Fitri sadar bahwa kemampuan masaknya terbatas, maka ia hanya punya
satu orang yang ia pikir bisa membantu niatnya ini. Ibunya. Sayangnya,
ternyata ibunya tidak mendukung.
Fitri masih ingat ketika ibunya meremehkan keinginannya itu.
Ibunya bilang, dengan budget yang ia miliki, apa yang ia lakukan akan menjadi
sia-sia belaka. Fitri pun sadar, budgetnya sangat terbatas. Tetapi, jika harus
menunggu budgetnya cukup, ia tidak tahu kapan harus memulai.
Ia ingat sekali tausiyah yang ia dengar di masjid kampus beberapa
waktu lalu. Setiap orang di dunia sedang berlomba untuk melakukan amalan
terbaiknya. Amalan yang hanya orang tersebut yang mampu melakukannya.

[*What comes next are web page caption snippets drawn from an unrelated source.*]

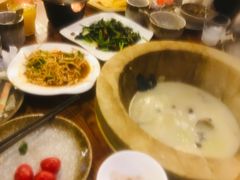 -滇香肴·云南菜蒸汽石锅鱼(云南北路店)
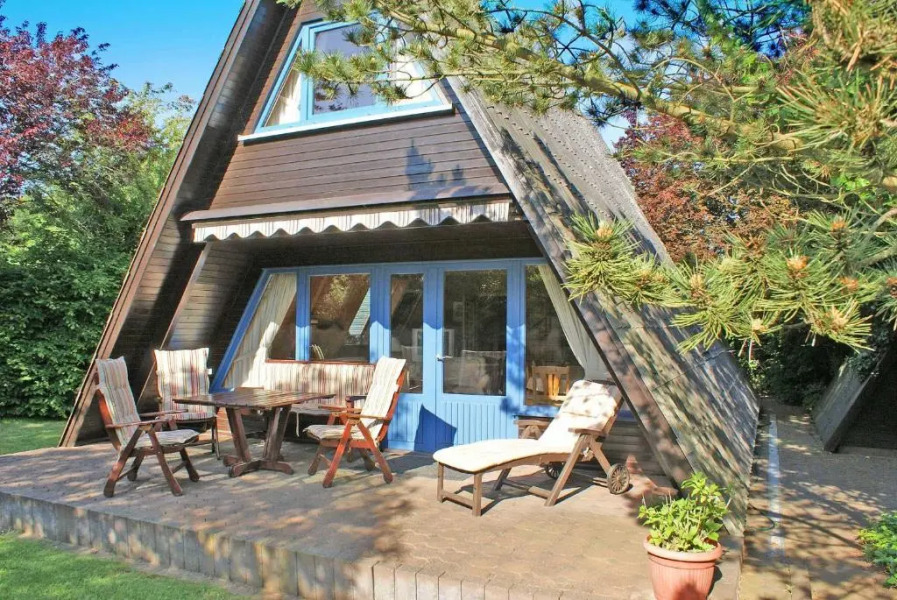 Zeltdachhaus _ grosse Terrasse _ m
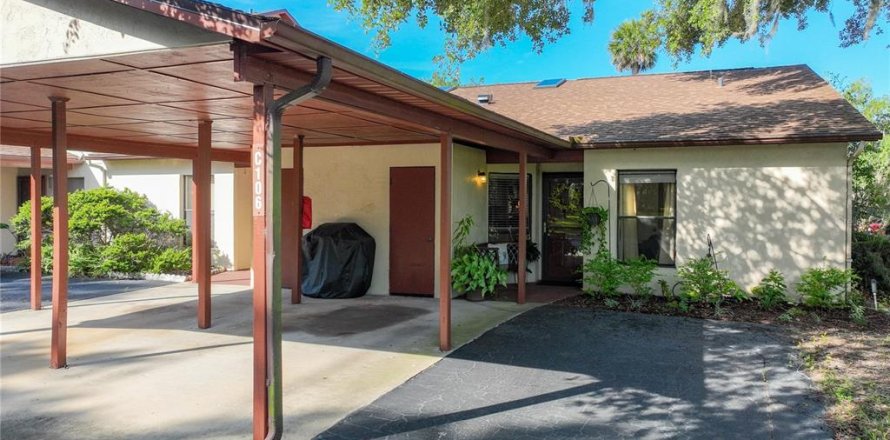 Condominio en Mount Dora, Florida, 2 dormitorios  № 2149580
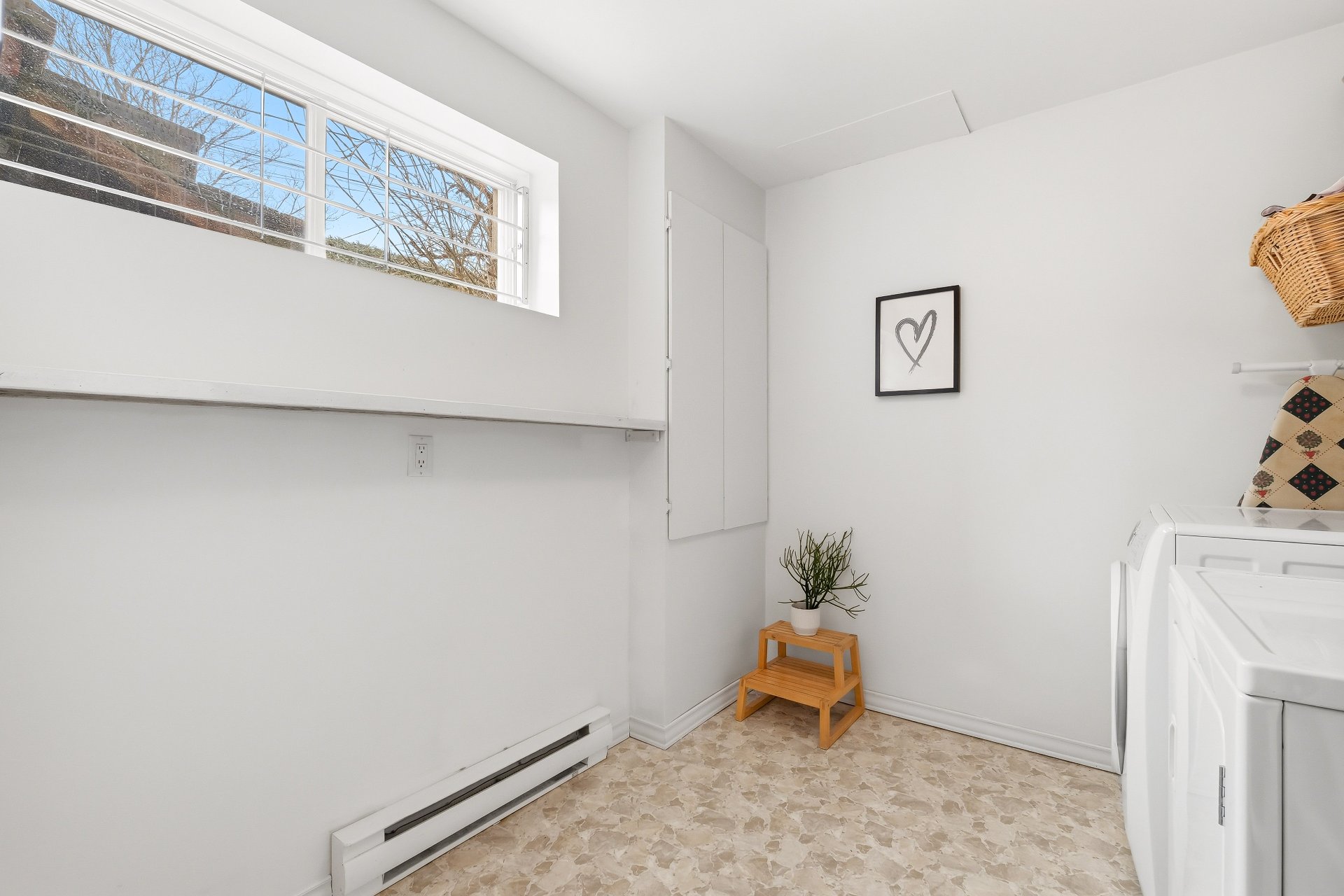 Photo - Laundry room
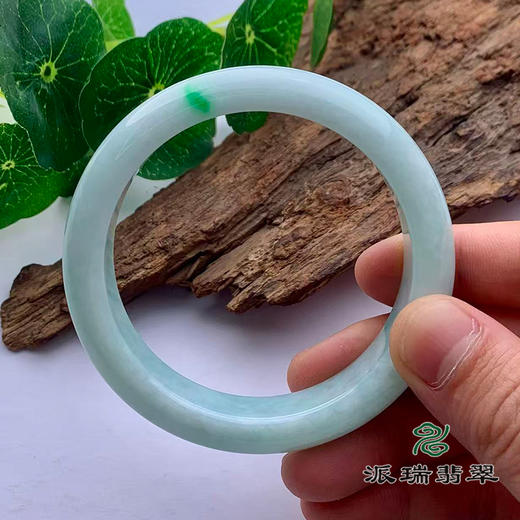 派瑞翡翠 翡翠手镯 糯种 浅绿色 商品图2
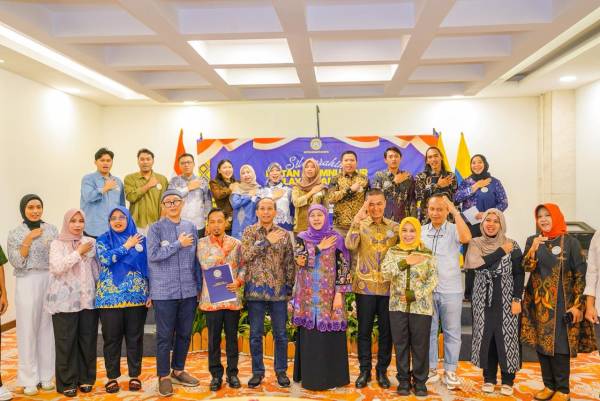 Alumni UNAIR Diminta Tak Sekadar Bangga, Khofifah Tuntut Aksi Nyata untuk Pembangunan Berkelanjutan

Berkali-kali
Fitri memilih amalan lain, namun masih terlalu sulit untuk didawamkan.
Amalan yang ini, ia yakin sekali bisa menjadi amal
andalannya.
Ia mengambil nampan di dapur, lalu meletakkan dua belas bungkus
nasi uduk di atasnya. Sambil menyelipkan selembar kertas bertuliskan ‘sarapan
gratis, siapa saja boleh ambil’, lalu membawanya keluar rumah.
Ia sudah menyiapkan sebuah kursi di depan pagar rumahnya sebagai
tempat meletakkan nampan nasi bungkus tadi.

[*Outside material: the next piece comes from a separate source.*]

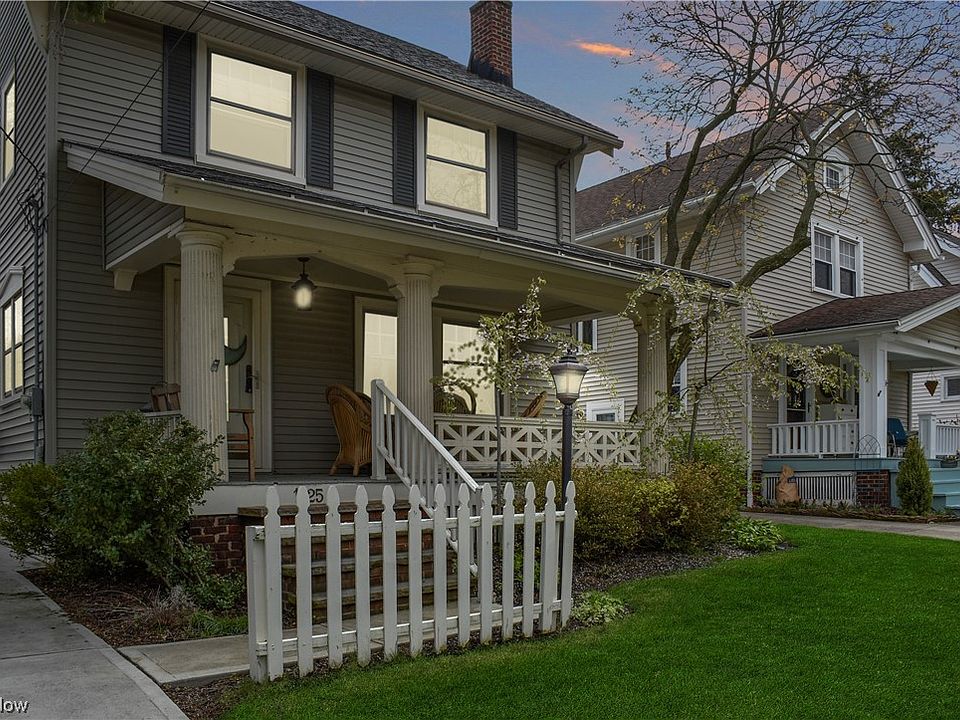 1st image of 1525 Larchmont Ave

Rumahnya terletak di dalam gang, kost-an mahasiswa bertebaran di
sekeliling rumahnya, ia yakin, akan banyak mahasiswa yang melewati rumahnya dan
mengambil sarapan gratis yang sudah ia siapkan.

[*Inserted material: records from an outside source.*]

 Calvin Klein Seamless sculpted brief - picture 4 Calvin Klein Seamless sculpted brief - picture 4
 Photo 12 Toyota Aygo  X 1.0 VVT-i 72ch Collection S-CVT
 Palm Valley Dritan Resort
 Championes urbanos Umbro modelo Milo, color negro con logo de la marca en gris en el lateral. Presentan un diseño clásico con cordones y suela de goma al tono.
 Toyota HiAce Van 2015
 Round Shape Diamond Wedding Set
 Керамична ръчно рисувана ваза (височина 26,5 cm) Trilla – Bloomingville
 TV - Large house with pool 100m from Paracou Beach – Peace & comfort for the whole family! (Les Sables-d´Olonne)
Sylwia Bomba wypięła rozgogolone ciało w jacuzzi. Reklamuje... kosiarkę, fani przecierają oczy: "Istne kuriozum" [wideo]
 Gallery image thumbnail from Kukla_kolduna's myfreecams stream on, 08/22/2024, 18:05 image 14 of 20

Ia masuk kembali ke dalam rumah untuk pamit pada ibunya lalu
berangkat menuju kampus.
***
Hari ini hanya ada satu mata kuliah. Fitri pun bergegas pulang
setelah merapihkan buku catatannya. Ia penasaran dengan nasib nasi bungkus di
depan rumahnya.
Apakah sudah habis? Apakah ada yang mengambil nasi bungkusnya?
***
Dari kejauhan, Fitri masih melihat ada bungkusan nasi di atas
nampan. Masih tersisa tiga bungkus lagi.
Fitri mengambil nampannya, lalu melangkah ke dalam rumahnya dengan
perasaan sedih.
Selepas mengucap salam. “Bu, ibu,” panggil Fitri di depan kamar
ibunya.
“Nasi bungkusnya sisa tiga, Bu,”keluh Fitri lagi.
Ibu tersenyum.
“Tadi pagi, ibu sengaja menunggu di teras rumah, Teh. Penasaran
juga ibu dengan nasib nasi bungkusmu. Beberapa orang melewatinya tanpa melihat
ke arah nampan,” mulai Ibu, “Tapi, Teh, orang-orang sesudahnya melihat, lalu
mengambil satu,” lanjut ibu senang.
Ibu lalu menceritakan dengan lengkap. Ada yang memastikan pada ibu
apakah benar nasi bungkusnya gratis. Ada yang minta izin untuk mengambil dua
karena ingin membawakan temannya juga. Ada juga yang malah meminjam sendok dari
rumah ibu dan makan di teras rumah.
Kali ini, ibu tampak antusias sekali. Kalimat penutup ibu membuat
Fitri bahagia sekali. “Untuk nasi bungkus selanjutnya, boleh ya ibu ikut
menyumbang agar jumlahnya lebih banyak. Biar ibu yang masak nasi dan lauknya,
kamu tinggal membungkusnya saja,” ujar Ibu. Fitri tersenyum sambil memeluk
ibunya. Ia bahkan tidak bersedih lagi karena kali ini nasi bungkusnya tidak
habis.
***
Fitri tidak membagikan sarapan gratis setiap hari. Ia hanya membagikannya
sepekan sekali, setiap hari Jumat. Alasannya, karena biayanya baru bisa
terkumpul setiap pekan.
Namun, jumlahnya setiap pekan semakin bertambah. Selain ibunya,
kini bapak dan adik-adiknya juga ikut menyumbang. Mulai dari 12, 20, 30 dan
setelah dua bulan, kini ia bisa membagikan 50 nasi bungkus tiap pekannya.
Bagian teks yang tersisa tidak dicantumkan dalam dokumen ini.